You are viewing a plain text version of this content. The canonical link for it is here.
Posted to users@spamassassin.apache.org by Justin Mason <jm...@jmason.org> on 2008/02/18 11:50:18 UTC

Re: SVN notifications killing spamassassin

Eric A. Hall writes:
> I sometimes get SVN notifications that contain lists of files and their
> status. The filenames will often get picked up by the URI matching
> algorithm, each of which end up being processed through numerous lookups
> (URICOUNTRY, my LDAP filter, etc). Sometimes I get very large messages
> with hundreds of file lists, which in turn causes spamassassin to go into
> never-never land while it thinks about the hundreds of "URI" matches.
> 
> For example,
> 
>   A    fpo/reports/perl/nagios_notifications1.pl.bak
>   A    foo/reports/perl/nagios_outages1.pl
>   A    foo/reports/perl/GWIR.pm
> 
> nagios_outages1.pl will be determined as a URI for .pl domain and GWIR.pm
> will be determined as a URI for .pm domain, and so forth.
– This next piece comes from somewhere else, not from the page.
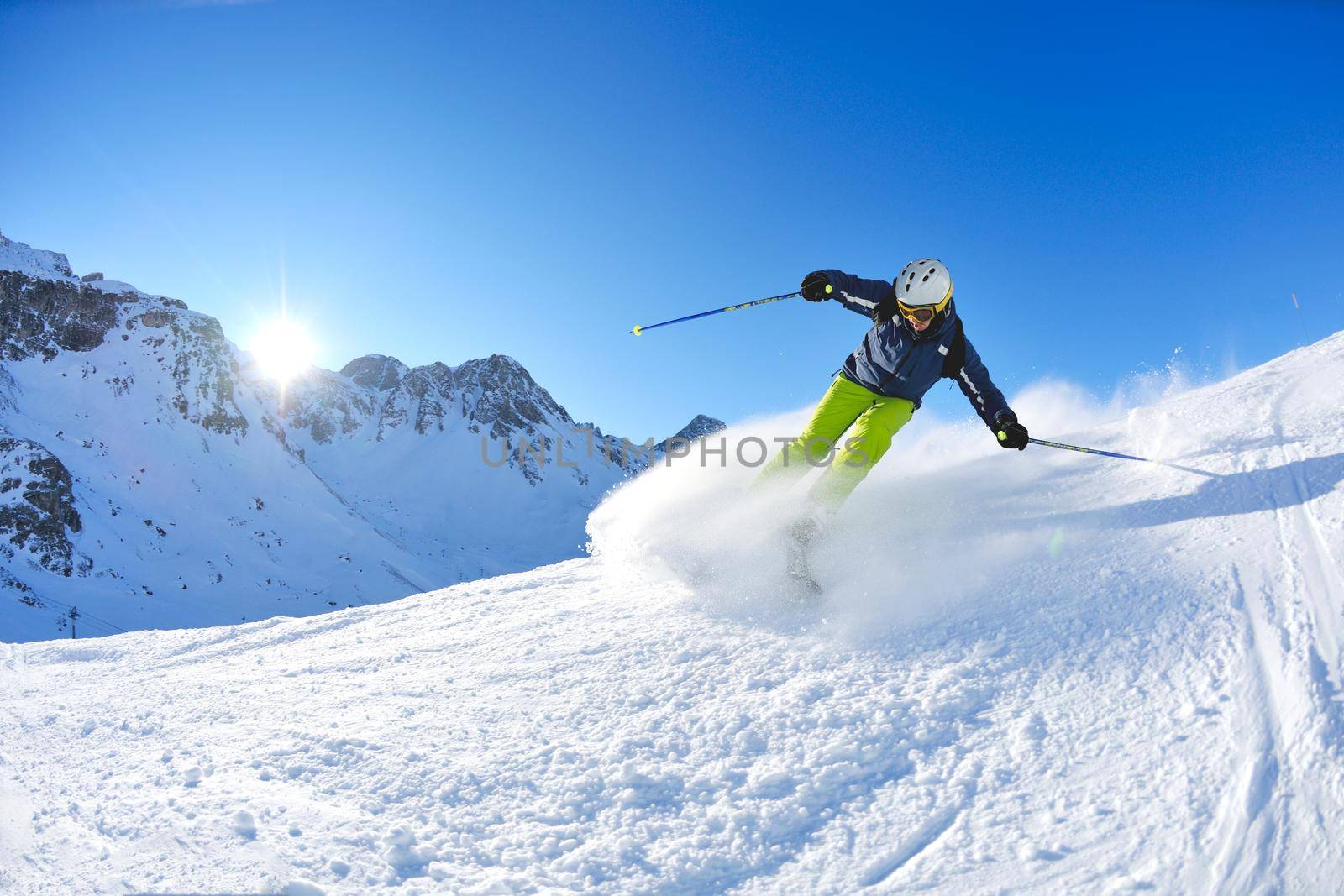 skier skiing downhill on fresh powder snow  with sun and mountains in background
The only way to
> get these messages through is to disable spamassassin...
> 
> I've updated to 3.2.4 just now and it still has the same problem
> 
> I'm guessing the URI analyzer needs to be smarter.
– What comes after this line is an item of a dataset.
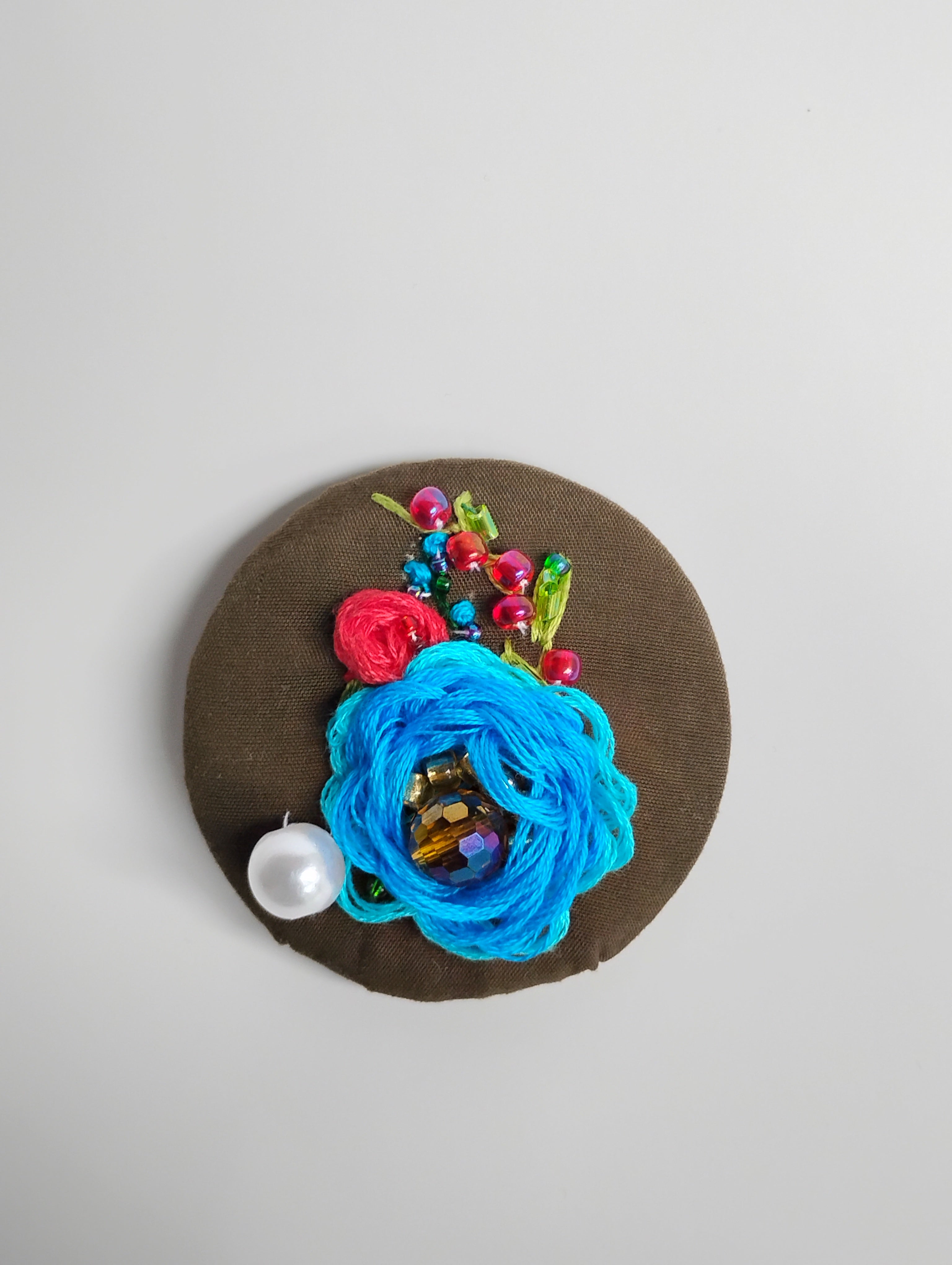 Decorative blue flower brooch on olive background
The URI analyzer already is smarter ;)

Changing the URICountry plugin is the way to fix this.

The Mail/SpamAssassin/Plugin/URIDetail plugin is a good example of how
plugins can get metadata about the URIs via the get_uri_detail_list() API.
looking at the POD doc and source for that
in Mail/SpamAssassin/PerMsgStatus, I see that "types" == "parsed" should
mean that the URI was inferred, instead of found in a link or image.
URICountry should ignore URIs of that type.

--j.

Re: SVN notifications killing spamassassin

Posted by "Eric A. Hall" <eh...@ehsco.com>.
On 2/18/2008 5:50 AM, Justin Mason wrote:
> Eric A. Hall writes:
>> I sometimes get SVN notifications that contain lists of files and their
>> status. The filenames will often get picked up by the URI matching
>> algorithm, each of which end up being processed through numerous lookups
>> (URICOUNTRY, my LDAP filter, etc). Sometimes I get very large messages
>> with hundreds of file lists, which in turn causes spamassassin to go into
>> never-never land while it thinks about the hundreds of "URI" matches.
>>
>> For example,
>>
>>   A    fpo/reports/perl/nagios_notifications1.pl.bak
>>   A    foo/reports/perl/nagios_outages1.pl
>>   A    foo/reports/perl/GWIR.pm
>>
>> nagios_outages1.pl will be determined as a URI for .pl domain and GWIR.pm
>> will be determined as a URI for .pm domain, and so forth. The only way to
>> get these messages through is to disable spamassassin...
>>
>> I've updated to 3.2.4 just now and it still has the same problem
>>
>> I'm guessing the URI analyzer needs to be smarter.
> 
> The URI analyzer already is smarter ;)
> 
> Changing the URICountry plugin is the way to fix this.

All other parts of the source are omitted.